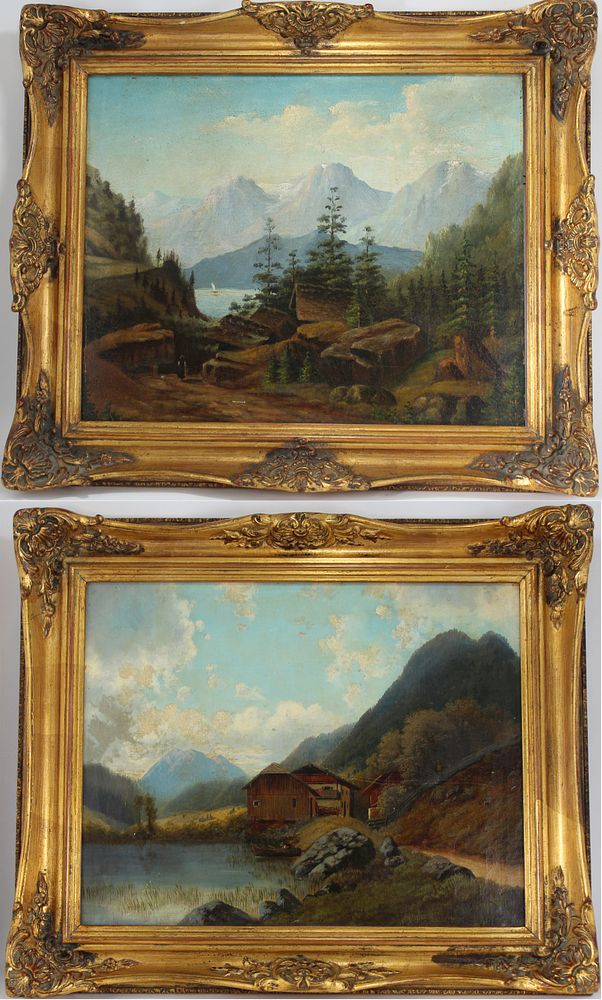 Appraisal: European School Antique Landscape Paintings European School Antique Landscape Paintings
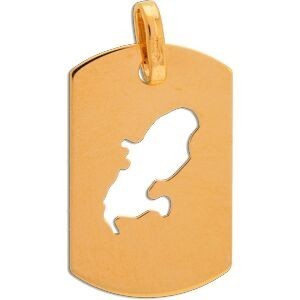 Pendentif Or 375 Carte Martinique 11.5*20mm Avec Bélière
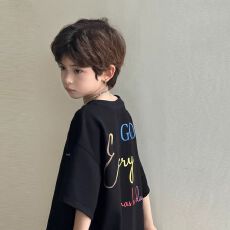 批发男童童装儿童短袖2025夏季纯棉新款宽松上衣夏装半袖百搭休闲男孩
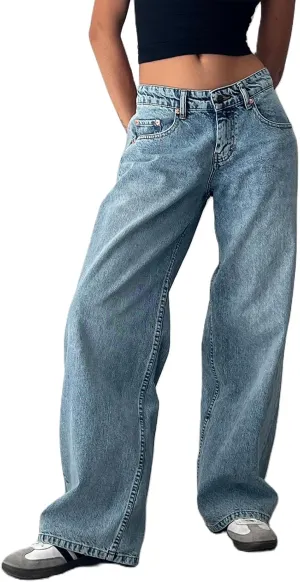 Women Y2k Low Rise Baggy Jeans Loose Fit Boyfriend Straight Wide Leg Jeans Trendy Stretch Long Denim Pants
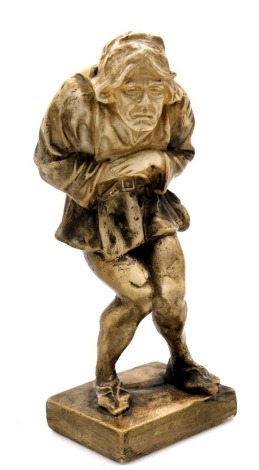 A late 19thC plaster figure of a grotesque man, possibly Richard III, modelled in a hunched position holding his stomach, raised on a rectangular base, signed to base indistinctly, 25cm high.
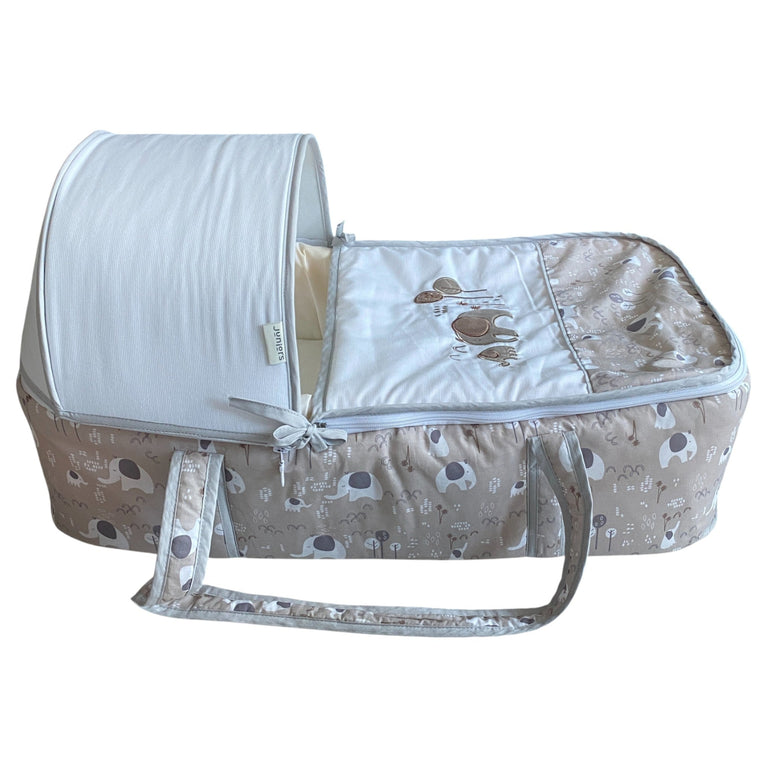 Juniors Jesse Printed Carry Cot with Canopy -Elephant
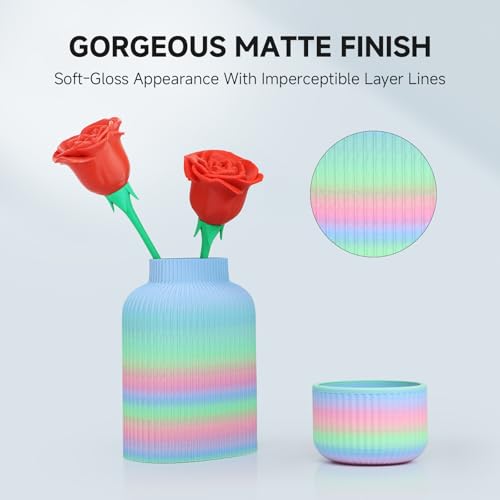 YOUSU Matte PLA Rainbow Macaron 1KG, Stable Extrusion, Color Switche Stable - color: 03-matte Macaron Rainbow, size: Matte PLA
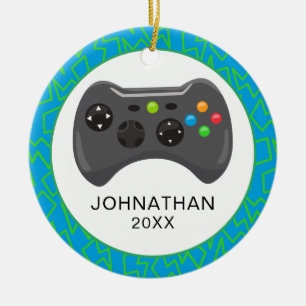 Personalized Fun Christmas Video Gamer Ceramic Ornament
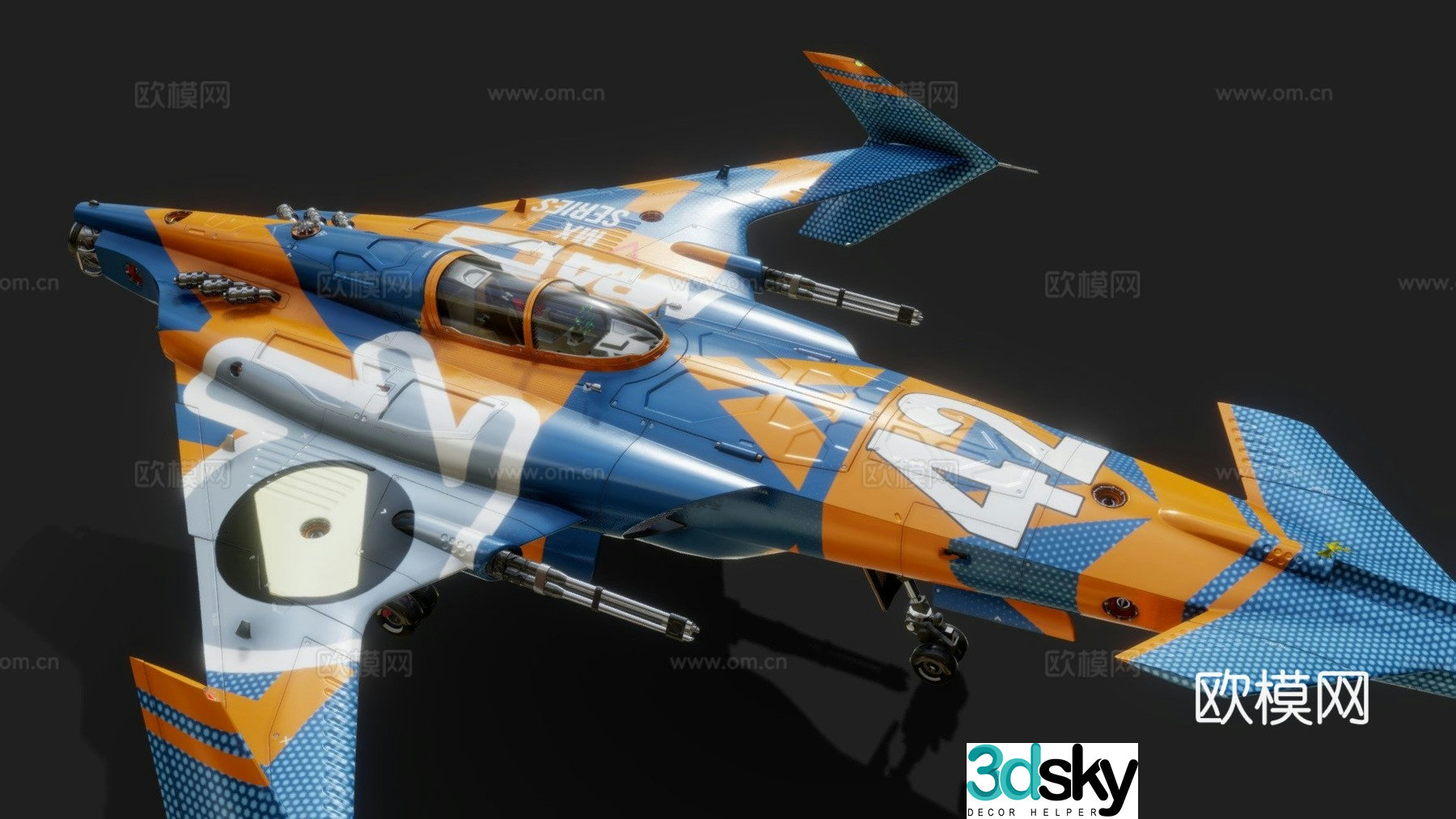 racing spaceship fighter 3d model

◆ EXERCISE DIRECTIONS: Write out word for word every line from the line with "Personalized Fun Christmas" through the final line of the records, both included, skipping the pictures.

◆ THE COMPLETED TASK:
 Personalized Fun Christmas Video Gamer Ceramic Ornament
 racing spaceship fighter 3d model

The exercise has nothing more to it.